AR Training Versus Patching in Unilateral Amblyopia

April 8, 2025 updated by: Eye & ENT Hospital of Fudan University

Dichoptic Augmented Reality (AR) Training Versus Patching for Unilateral Amblyopia in Children and Adults

This is a multi-center, randomized controlled trial to compare the effectiveness of AR training with patching for the treatment of unilateral amblyopia.

Specific Aim 1 (Primary): To compare the improvement of visual acuity in the amblyopic eye between AR training and patching for the treatment of unilateral amblyopia.

Specific Aim 2 (Secondary): To compare the improvement of visual functions between AR training and patching for the treatment of unilateral amblyopia.

Study Overview

Status

Recruiting

Detailed Description

Poor compliance, limited improvement of visual functions, and regression after recovery of visual acuity have been observed in the management of amblyopia using conventional patching. Recently, dichoptic/binocular digital therapy has been developed, but no widely accepted binocular treatments with superiority available for children and adults with amblyopia (Pineles et al., 2020; Oscar et al., 2023). Here, we designed an innovative binocular therapy using augmented reality (AR) training, based on neural deficits in amblyopia, to achieve better outcomes.

Selective deficits were found in the parvocellular pathway (P pathway) compared to the magnocellular pathway (M pathway) in the monocular processing of visual information in the amblyopic eye (AE) (Wen et al., 2021). In addition to monocular deficits, imbalanced binocular suppression may also play important roles in the visual deficits of amblyopia as suggested by clinical evidence (DeSantis, 2014; Von Noorden, 1996) and psychophysical studies (Baker et al., 2008; Holopigian et al., 1988; Li et al., 2011; Zhou et al., 2013). Based on the neural deficits in unilateral amblyopia, we first apply the push-pull approach (Xu, He & Ooi, 2010; Ooi et al., 2013), which was aimed to reduce sensory eye dominance in previous literatures, into the rebalance of functions of M and P pathways in the AE and the rebalance of binocular interaction, to improve the high spatial detail perception of the AE in daily life under binocular viewing condition, as well as binocular functions.

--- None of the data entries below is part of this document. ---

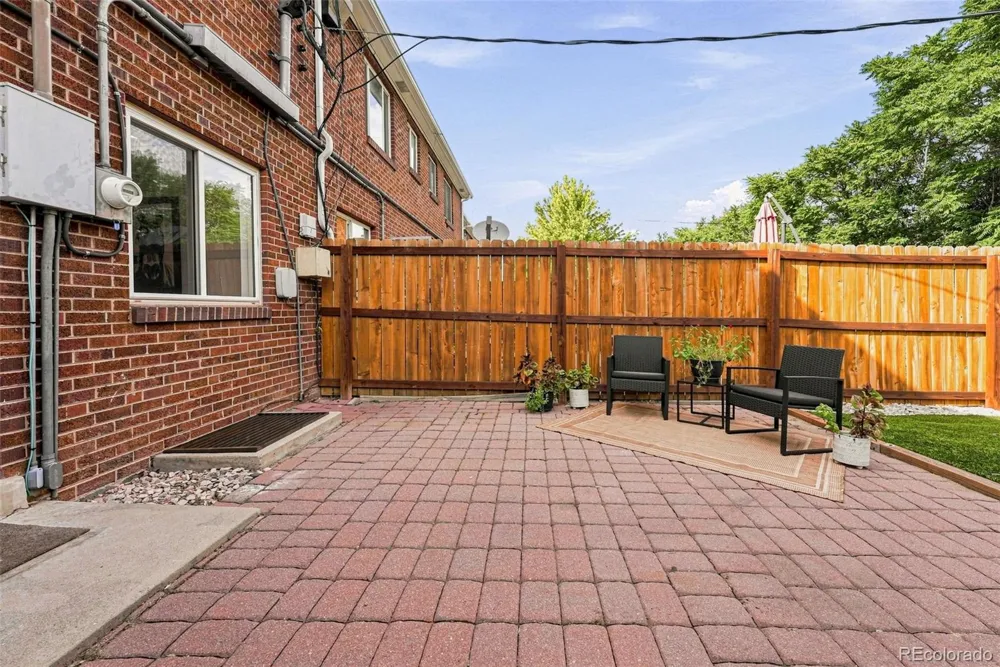 1364 Ivanhoe Street Denver, CO 80220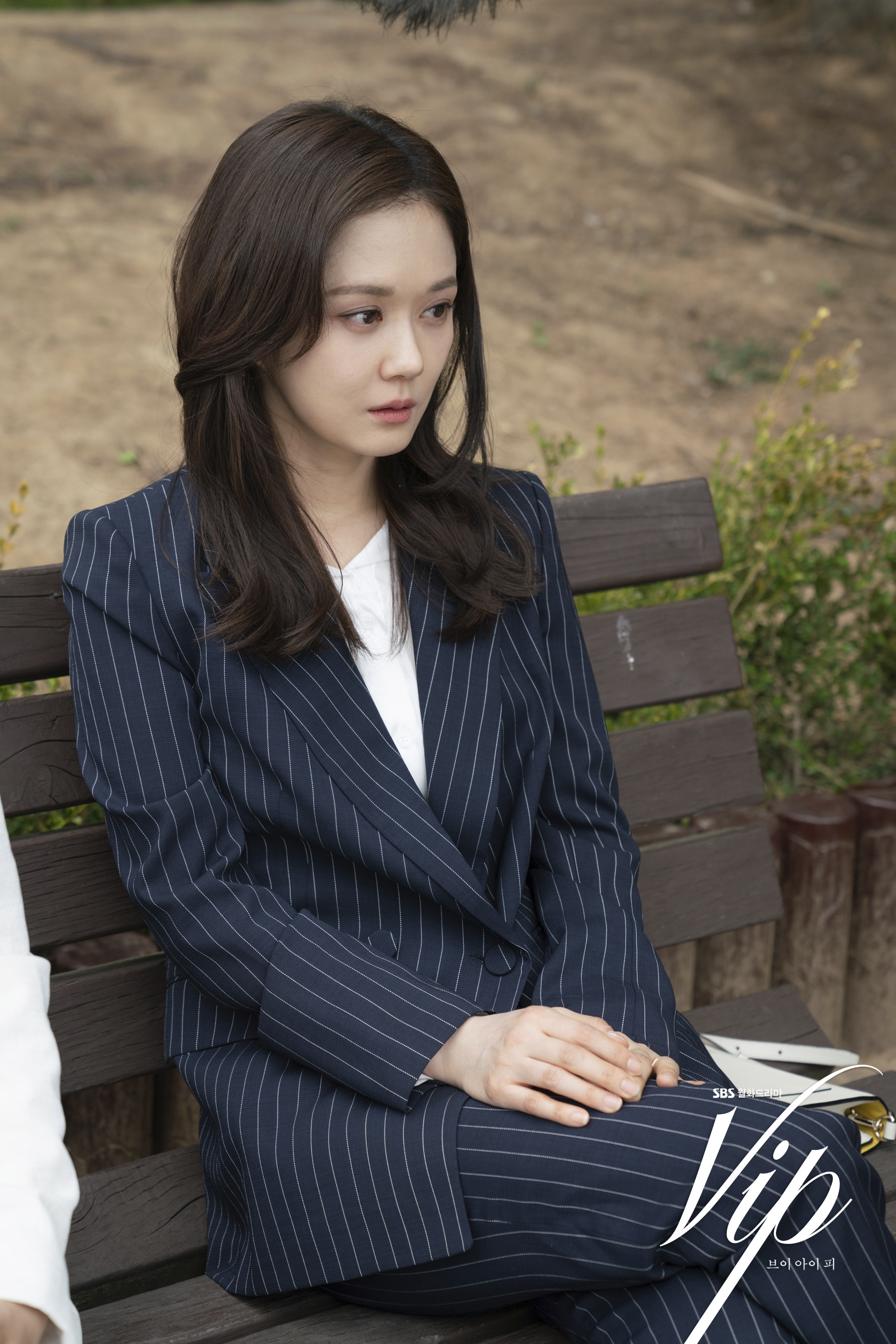 Jang Na Ra tỏa sáng với tạo hình công sở trong drama mới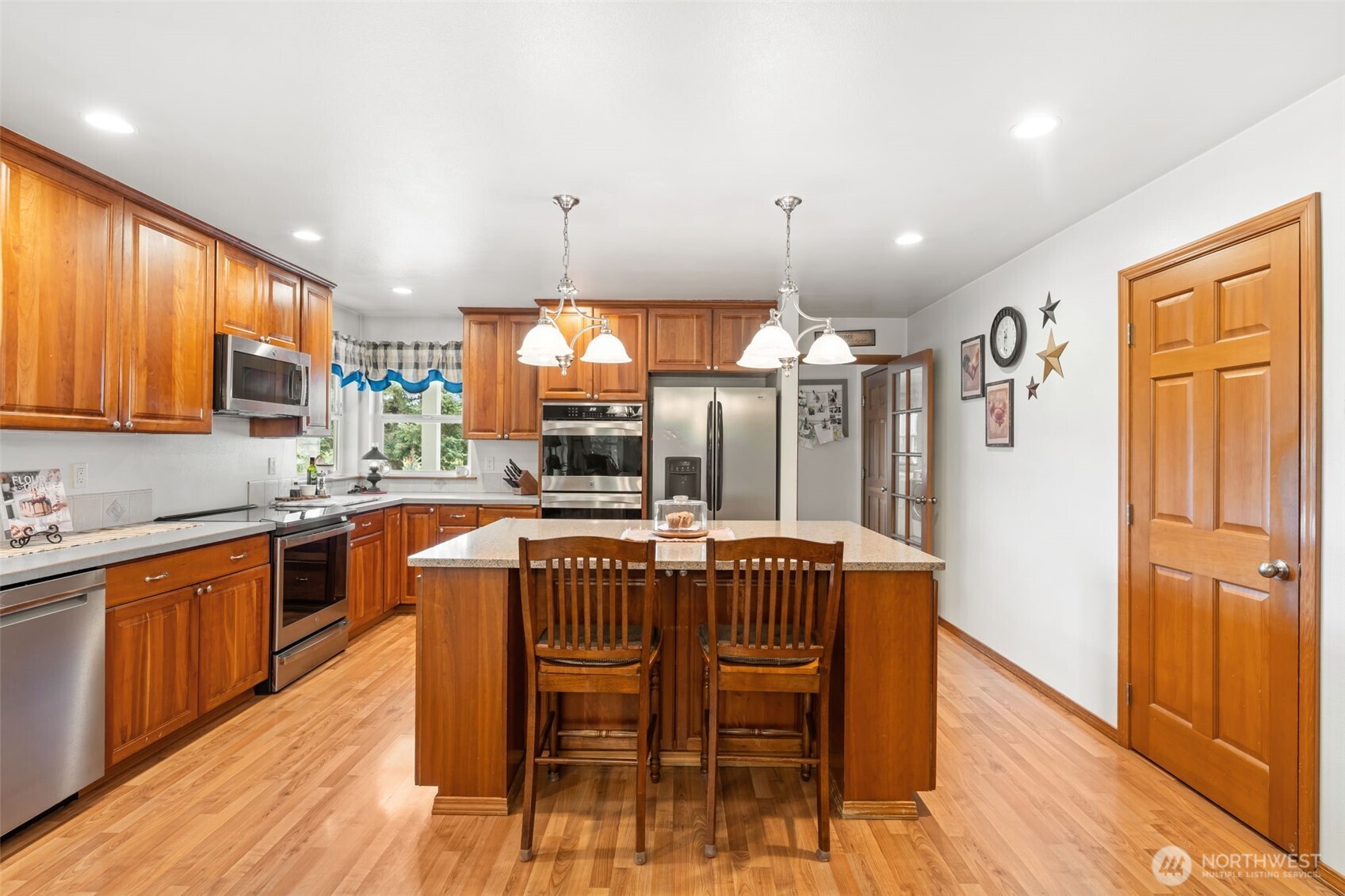 437 Ingalls Road , Rochester, WA 98579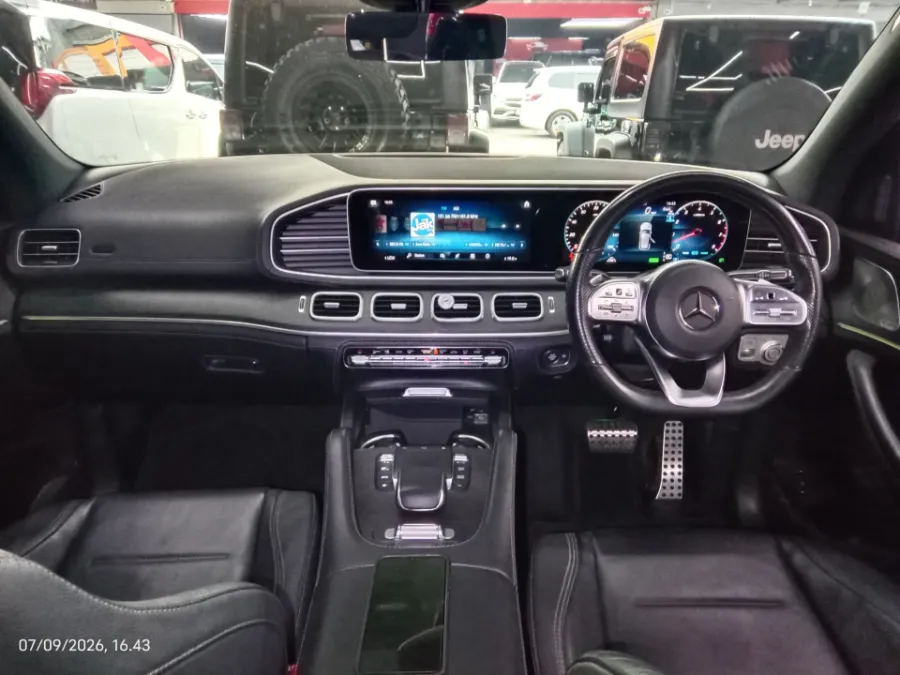 Foto Mobil Bekas Dashboard Mercedes-Benz GLE450 3.0 4MATIC AMG Line tahun 2021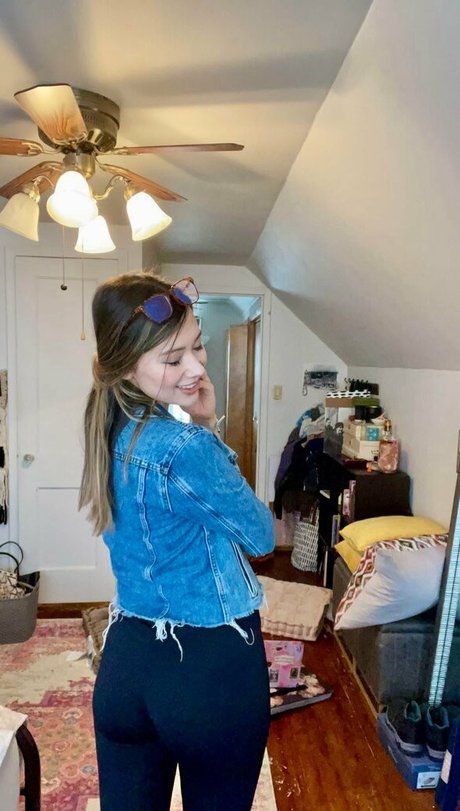 MoreLaceyisanerd onlyfans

Using AR technique combined with dichoptic device, we present differentially-processed images to each eye of the patients in real time, allowing them to interact with the surrounding environment during the visual training. Using a Butterworth filter with the cutoff at 2 cycle pre degree, the images captured in real time are divided into information with high and low spatial frequencies (SFs) corresponding to the P and M pathways, respectively. For the AE, original low SF phase of captured images is scrambled into random noise with the refresh rate of the display, while the original information with high SF is retained completely. As a result, the function of the P pathway is pulled while the function of the M pathway is pushed, actively encouraging the interaction with the surrounding environment through high SF information. For the fellow eye (FE), original high SF phase of captured images is scrambled into random noise with increased contrast and reduced temporal frequency, while the contrast of the original high SF information is reduced. As a result, in addition to the push-pull in monocular P&M pathways, the function of the P pathway in the FE is pulled and while the function of the P pathway in the AE is pushed, actively improving the rebalance of binocular inhibition.

The proposed trial will be conducted in 4 different study sites in China. For the AR training group, patients need to perform AR training for 2 hours per day at home. For the patching group, patients need to patch the FE for 2 hours per day at home.

Study Type

Interventional

Enrollment (Estimated)

114

Phase

  • Not Applicable

Contacts and Locations

This section provides the contact details for those conducting the study, and information on where this study is being conducted.

Study Contact

Study Contact Backup

Study Locations

      • Shanghai, China
        • Recruiting
        • Eye & ENT Hospital of Fudan University
        • Contact:
          • Rui Liu
        • Contact:
        • Contact:
          • Wen Wen
        • Contact:
          • Chen Zhao
        • Contact:
          • Yulian Zhou

Participation Criteria

Researchers look for people who fit a certain description, called eligibility criteria. Some examples of these criteria are a person's general health condition or prior treatments.

Eligibility Criteria

Ages Eligible for Study

  • Child
  • Adult

Accepts Healthy Volunteers

No

Description

Inclusion Criteria:

  1. Aged 5-55 years (including 5 years and 55 years);
  2. Best-corrected visual acuity worse than 20/30 but no worse than 20/200 in the amblyopic eye, interocular difference of 2 or more lines, with the better eye within the normal range;
  3. Patients have applied optical refractive correction for more than 3 months;
  4. Ability attend visits and complete the treatment;
  5. Normal binocular alignment including strabismic amblyopia with orthotropia after surgical correction, or intermittent exotropia within a range of -15 to 0 prism diopters measured by the prism cover test.

Exclusion Criteria:

  1. Organic eye diseases preventing the establishment of good vision (e.g. ptosis, media opacity, nystagmus, paracentral fixation, acute inflammation like keratitis, optic nerve diseases like glaucoma, retinal diseases);
  2. Lesions of the brain preventing the establishment of good vision (e.g. cortical visual impairment);
  3. Implantable electronic device;
  4. A history of ocular surgery (except strabismus surgery) affecting vision (e.g. retinal detachment repair);
  5. A history of ocular trauma affecting vision;
  6. Receiving amblyopia therapy (except wearing glasses) within 2 weeks prior to presentation;
  7. History of epilepsy or mental illness, or cognitive defects;
  8. Currently taking medications or needing to take medications during the study period that may affect vision;
  9. Inability to comply with the treatments or follow-up visits required;
  10. Participation in clinical trials on drugs within 3 months prior to presentation, or clinical trials on other medical devices within 30 days prior to presentation.

Study Plan

This section provides details of the study plan, including how the study is designed and what the study is measuring.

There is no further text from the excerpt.